Pathophysiology of Heart Failure Flashcards
(44 cards)
How does contractility shift the Frank-Starling curve?
Decreased contractility shifts the curve downward
HF can cause a decrease in contractility and an increase in the workload of the heart
Higher and higher levels of preload lead to:
An increase in the workload of the heart
A non-normal SV
What does aldosterone do to blood volume?
Regulates sodium (increases retention)
Leads to an increase in water retention/volume retention
What does vasopressin/ADH do to blood volume?
Regulates water
Increases retention of water –> increase in volume
What do ANP and BNP do to blood volume?
Regulate sodium
Increase excretion –> decreased water retention –> decreased volume
What are the two types of HF based on heart function?
Systolic: Heart Failure with Reduced Ejection Fraction (HFrEF)

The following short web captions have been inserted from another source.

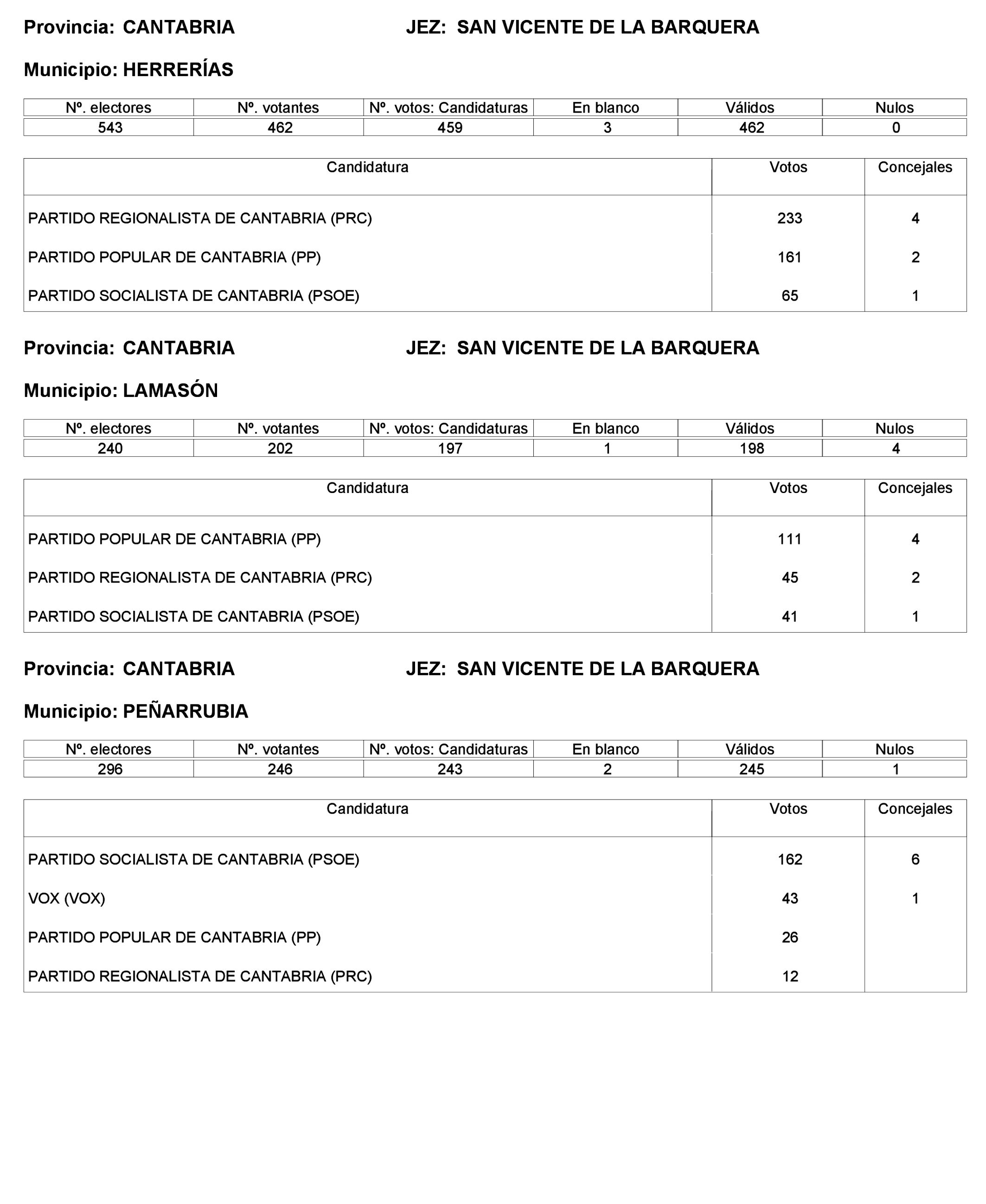 Imagen: /datos/imagenes/disp/2023/221/19490_13589795_13.png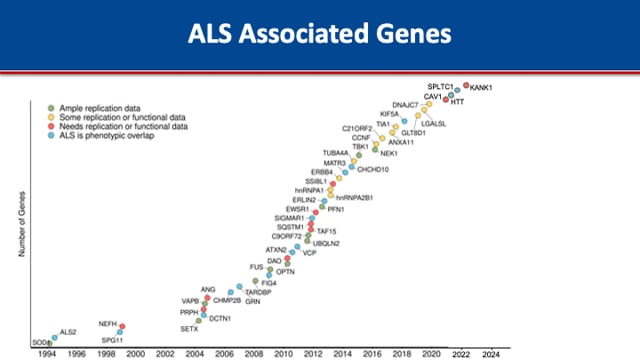 Genes in ALS Screen Grab
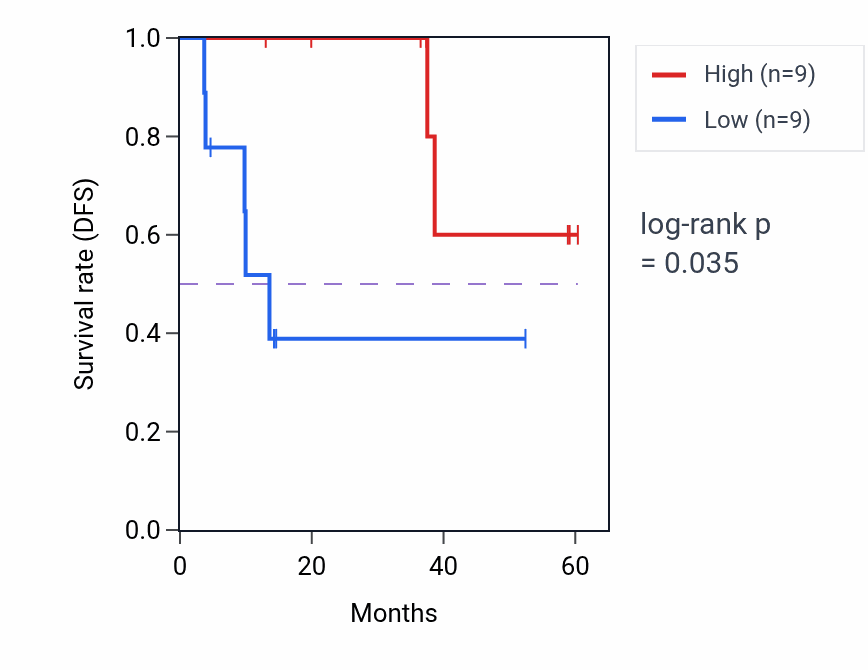 Kaplan&ndash;Meier survival curve for PAIP2B mass-spec protein-high vs -low samples in LUAD.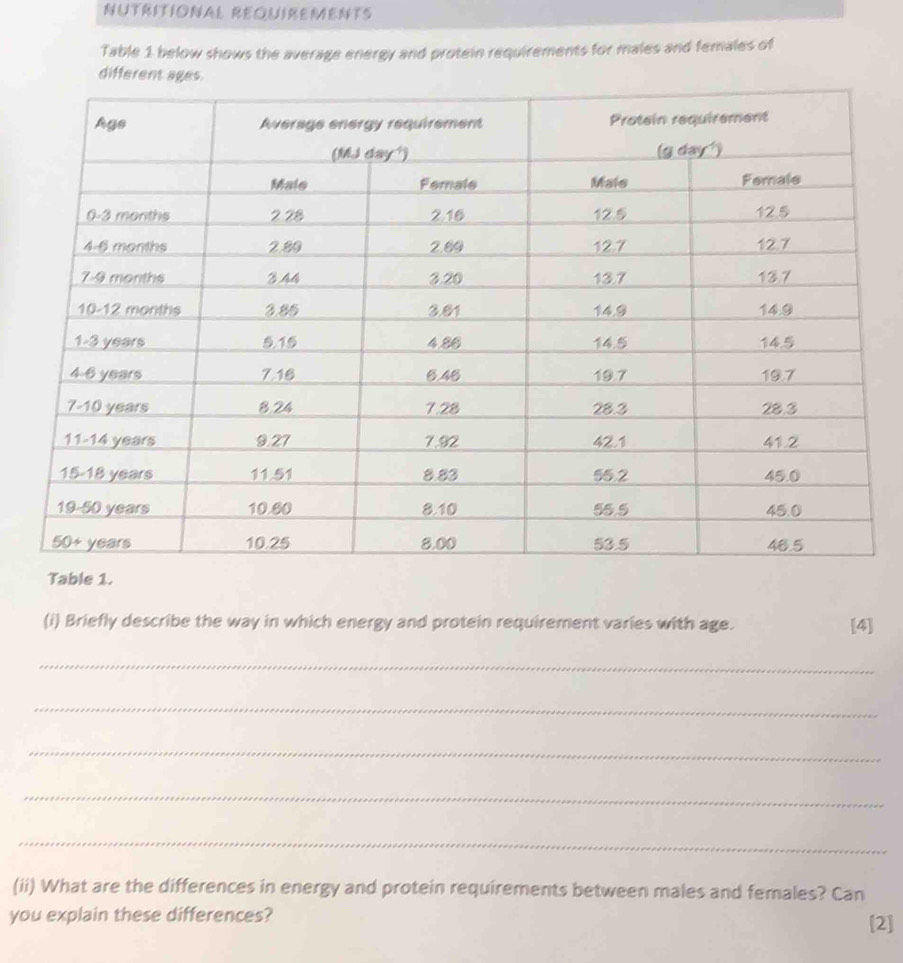 NUTRITIONAL REQUIREMENTS 
Table 1 below shows the average energy and protein requirements for males and females of 
differen 
(i) Briefly describe the way in which energy and protein requirement varies with age. [4] 
_ 
_ 
_ 
_ 
_ 
(ii) What are the differences in energy and protein requirements between males and females? Can 
you explain these differences? [2]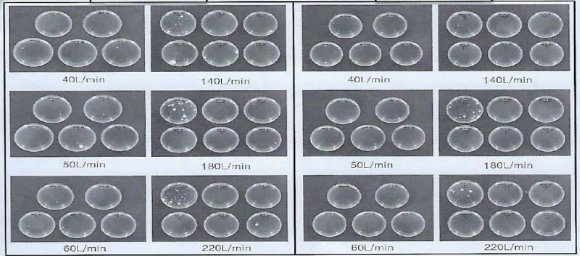 Figure 4: Petri dish cultures at 26? left for 14 days for the control without the dissolved Asian dust (A) and with one fold (B) and two folds (C) of the dissolved Asian dust, magnified 40 times (KIM, 2014) 40 times magnification colonies showed the sample with Asian dust, which were in accordance with the result showing the presence of Antinobacteria, Bacilli, Sphingobacteria in Asian dust (YAMAGUCHI et al., 2012). It was therefore important to prevent the Asian dust from being deposited on the surface of freshwater in the purification plant for the drinking water for Wuhan citizens.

Diastolic: Heart Failure with Preserved Ejection Fraction (HFpEF)
What are the two types of HF based on heart anatomy?
Left HF
Right HF
What is heart failure defined as?
The inability of the heart to produce enough cardiac output to meet the needs of the body
What is ejection fraction?
The % of blood volume in the LV at EDV that is actually ejected into the systemic circulation
Blood pumped out/total blood in the ventricle
What is systolic heart failure? What is it also called?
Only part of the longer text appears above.